“So How Was Mexico?”
Since I arrived home in December, people have been asking me about my experience as a Canadian Youth Delegate to COP16, the sixteenth round of climate change negotiations at the United Nations. The conversation usually starts off with them asking, “did you have fun in Mexico?” After all, they reason, I had just spent two weeks in Cancun, the land of white sand beaches, exclusive resorts and all-night dance parties. How could I not have had fun? The first couple of times this happened, I wasn’t quite sure what to say. Did I have fun in Mexico…did I meet a lot of interesting people? Definitely. Did I learn more in two weeks than I ever thought was humanly possible? Without a doubt. Was I glad that I went? Absolutely. But did I have fun in Mexico? No, not really.
Participating in COP16 – the lead up, the conference and the aftermath – has been one of the most challenging experiences of my life. Before the conference, I struggled as part of project that, like the youth environmental movement itself, is vastly underfunded and overcommited. During the conference, I witnessed the colossal slowness of the bureaucratic megatron that is the United Nations. I sat through self-congratulatory speeches and formulaic pleasantries and painfully technical debates on punctuation, and got up close and personal with Canada’s diplomatic evasive maneuvers.
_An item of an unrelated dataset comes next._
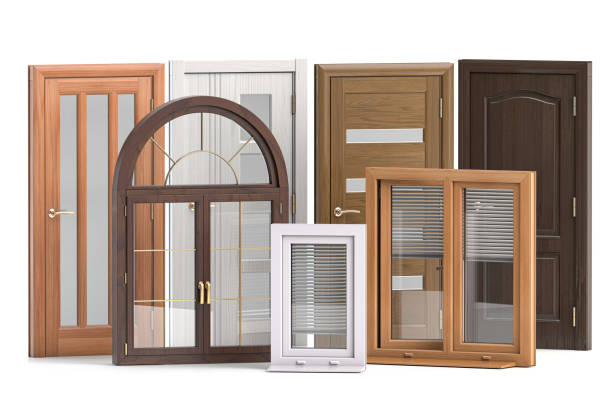 istock Windows and doora of different types isolated on white. 1473259178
I spoke with country representatives who could only afford to send 2 negotiators to a conference where 15 negotiating tracks occur simultaneously, and developing countries are behind before they’ve even started. As the conference drew to a close, I felt the like the real reason we had all come together had somehow been lost, and that for another year, hundreds of thousands of people would continue to lose their lives and livelihoods to climate change, while we threw up our hands and said, “oh well, better luck next year”.
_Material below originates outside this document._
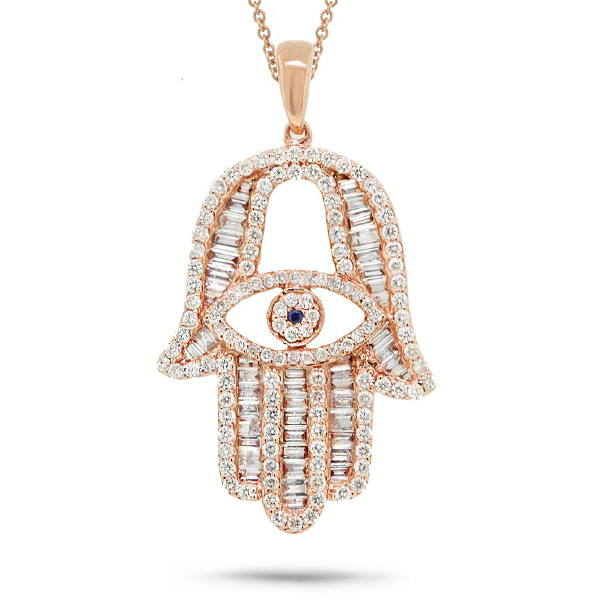 1.60ct 14k Rose Gold Diamond Hamsa Pendant Necklace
Over the past month, I have struggled to find a way to adequately explain my experience at the United Nations that is simultaneously honest and hopeful. Because, even in my darkest, most difficult of moments, I never lost hope, not entirely. I have to believe that we can, that we will do better – it’s what gets me out of bed in the morning. But I’m also a great believer in following my passions, and I have recently realized that I am not, in fact, passionate about the United Nations. There is still important work to be done at the U.N. climate change negotiations, and young people have an important role to play in that process; However, the single most important thing we can do as young Canadians is to work to shift the ideological, economic, and political landscape here in Canada. Until Canadians recognize the moral imperative to take action on global warming, realize that climate change adaptation and mitigation present unparalleled opportunities for domestic economic growth, and make climate change a central election issue, we can sign as many international treaties as we want, but our politicians will never champion legislation that seriously addresses climate change.
So where do we go from here? There are tonnes of organizations here in Canada that are doing excellent education and advocacy work when it comes to public outreach, issues-based campaigns and green jobs, but there’s one thing in particular that we can do that would drastically transform Canadian policies: vote! We know that if more youth showed up at the polls, our country would look a whole lot different than it does right now. In fact only 37% of youth voted in our last election, compared to 68% of Canadians over the age of 65. Imagine what we could accomplish if we got more youth to show up the next time around! Rumours are flying that we could have an election as soon as this spring; we have the opportunity to make climate change an election issue, and to encourage other young people to exercise their civic right and responsibility to vote.
There are a thousand ways that we can take action on climate change – I for one am going to be heading to the polls, and bringing everyone I know with me.